The catalog is powered by your dbt manifest (for model metadata and lineage) and DuckDB introspection (for column schemas and profiling).

How It Works

Browsing Models & Sources

The catalog lists all dbt models from your project, classified into layers: staging, intermediate, and marts. Classification uses schema name first, then name prefix, with a fallback to intermediate. See Model Classification Rules for the full priority table.

Raw source tables (in raw_* schemas) are also browsable — they appear under their source name, even if they aren't yet referenced in dbt models.

Model Detail View

Click any model to see:

  • Description from dbt YAML documentation
  • Materialization type (view, table, incremental)
  • Column schema with types from DuckDB
  • dbt tests attached to the model (with pass/fail status)
  • Raw SQL and compiled SQL from the dbt manifest
  • Upstream and downstream lineage

Column Metadata

Each column shows:

  • Name and type from DuckDB's information_schema.columns
  • Description from dbt YAML documentation (if documented)
  • Profiling statistics (if profiled — see below)
  • PII flags from PII scanning (if detected)

Column types come directly from DuckDB, so you see the actual storage type (e.g., VARCHAR, BIGINT, TIMESTAMP WITH TIME ZONE) rather than the source system's type.

Profiling

Profiling computes summary statistics for each column in a table.
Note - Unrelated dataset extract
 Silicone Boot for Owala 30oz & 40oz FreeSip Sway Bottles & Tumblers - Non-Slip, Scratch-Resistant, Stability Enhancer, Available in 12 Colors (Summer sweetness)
Statistics are computed in DuckDB and cached in SQLite for fast retrieval.

flowchart LR
    A[Select table in catalog] --> B[Click Profile / Re-profile]
    B --> C["POST /api/catalog/{source}/{table}/profile"]
    C --> D[DuckDB computes stats]
    D --> E[Cache in SQLite]
    E --> F[Display in catalog]

Profiling computes statistics appropriate to each column type:

  • All columns: null count, distinct count
  • Numeric columns: min, max, average, median
  • String columns: min length, max length, average length

Re-profile after schema changes

Profiling results are cached. If the table schema changes (new columns, type changes), click Re-profile to refresh the statistics.

Lineage

Lineage shows how data flows through your dbt project — from raw source tables through staging and intermediate models to final marts.
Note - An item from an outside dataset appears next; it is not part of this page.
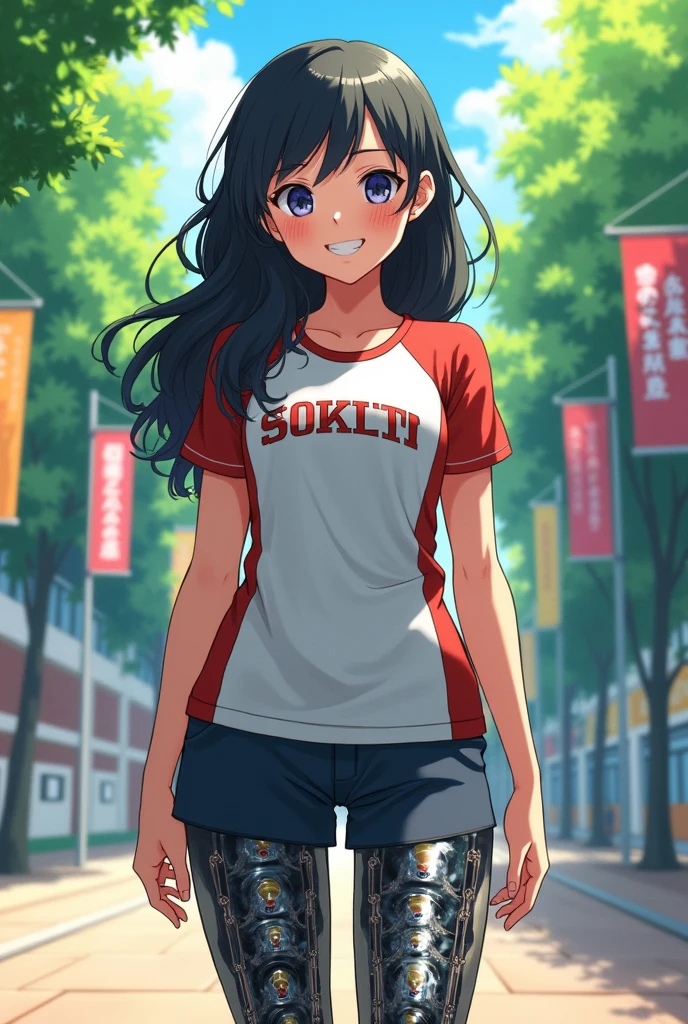 a high school girl, smiling, flushed, DARK hair, wavy hair, big chest, sports club shirt, without clothes underneath, sin short, mechanical legs,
The lineage graph is built from the dbt manifest's dependency information (depends_on and child_map).

Example trace:

raw_stripe.charges
  → stg_stripe_charges (staging)
    → int_customer_orders (intermediate)
      → fct_customer_ltv (marts)

Impact Analysis

Before modifying a model, use impact analysis to see what depends on it. This is the reverse of the lineage graph — it shows all downstream models that would be affected by changes.

Example: Before changing stg_stripe_charges, impact analysis shows:

stg_stripe_charges
  ← int_customer_orders
    ← fct_customer_ltv
    ← fct_daily_revenue
  ← int_refund_analysis
    ← fct_refund_summary

Check impact before modifying models

Always review the impact analysis before changing a model's schema or logic. Downstream models may break if you rename columns or change aggregations.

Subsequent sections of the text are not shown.